#### Exercise input
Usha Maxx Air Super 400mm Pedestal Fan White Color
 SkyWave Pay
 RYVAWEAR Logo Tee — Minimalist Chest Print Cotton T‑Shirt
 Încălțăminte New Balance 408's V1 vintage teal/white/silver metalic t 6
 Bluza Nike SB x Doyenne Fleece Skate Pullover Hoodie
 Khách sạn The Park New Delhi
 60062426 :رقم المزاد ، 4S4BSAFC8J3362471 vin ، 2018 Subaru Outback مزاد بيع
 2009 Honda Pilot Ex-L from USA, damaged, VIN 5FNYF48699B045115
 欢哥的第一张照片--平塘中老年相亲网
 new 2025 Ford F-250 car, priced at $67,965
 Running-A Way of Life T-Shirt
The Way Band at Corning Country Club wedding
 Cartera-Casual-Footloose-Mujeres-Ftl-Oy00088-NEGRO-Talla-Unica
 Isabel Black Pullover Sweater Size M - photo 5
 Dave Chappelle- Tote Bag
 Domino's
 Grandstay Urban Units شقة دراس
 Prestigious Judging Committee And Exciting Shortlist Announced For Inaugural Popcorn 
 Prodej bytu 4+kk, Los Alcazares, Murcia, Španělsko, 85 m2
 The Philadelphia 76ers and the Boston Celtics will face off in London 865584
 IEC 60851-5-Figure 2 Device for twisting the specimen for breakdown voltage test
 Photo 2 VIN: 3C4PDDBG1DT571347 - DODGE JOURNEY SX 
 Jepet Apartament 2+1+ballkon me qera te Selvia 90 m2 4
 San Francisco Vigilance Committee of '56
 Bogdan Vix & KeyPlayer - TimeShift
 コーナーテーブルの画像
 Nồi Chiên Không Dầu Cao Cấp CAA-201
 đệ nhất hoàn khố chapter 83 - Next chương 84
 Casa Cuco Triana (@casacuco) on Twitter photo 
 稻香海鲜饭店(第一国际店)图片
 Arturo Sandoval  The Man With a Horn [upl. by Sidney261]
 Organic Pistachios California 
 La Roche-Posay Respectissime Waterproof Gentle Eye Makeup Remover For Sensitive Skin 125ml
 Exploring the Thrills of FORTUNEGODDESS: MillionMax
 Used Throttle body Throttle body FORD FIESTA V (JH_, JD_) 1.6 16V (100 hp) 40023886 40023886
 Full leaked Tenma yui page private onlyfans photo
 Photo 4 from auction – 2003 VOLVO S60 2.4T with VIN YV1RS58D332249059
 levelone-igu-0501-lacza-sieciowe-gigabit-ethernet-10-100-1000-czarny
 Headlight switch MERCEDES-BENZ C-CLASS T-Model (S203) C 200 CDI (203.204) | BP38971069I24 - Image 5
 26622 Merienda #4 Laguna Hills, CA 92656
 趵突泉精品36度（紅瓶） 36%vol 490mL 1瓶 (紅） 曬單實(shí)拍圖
########
▸ What you are asked to do
Every line in the records above that contains the word "from" is to be copied out.

▸ Task answer
 2009 Honda Pilot Ex-L from USA, damaged, VIN 5FNYF48699B045115
 Photo 4 from auction – 2003 VOLVO S60 2.4T with VIN YV1RS58D332249059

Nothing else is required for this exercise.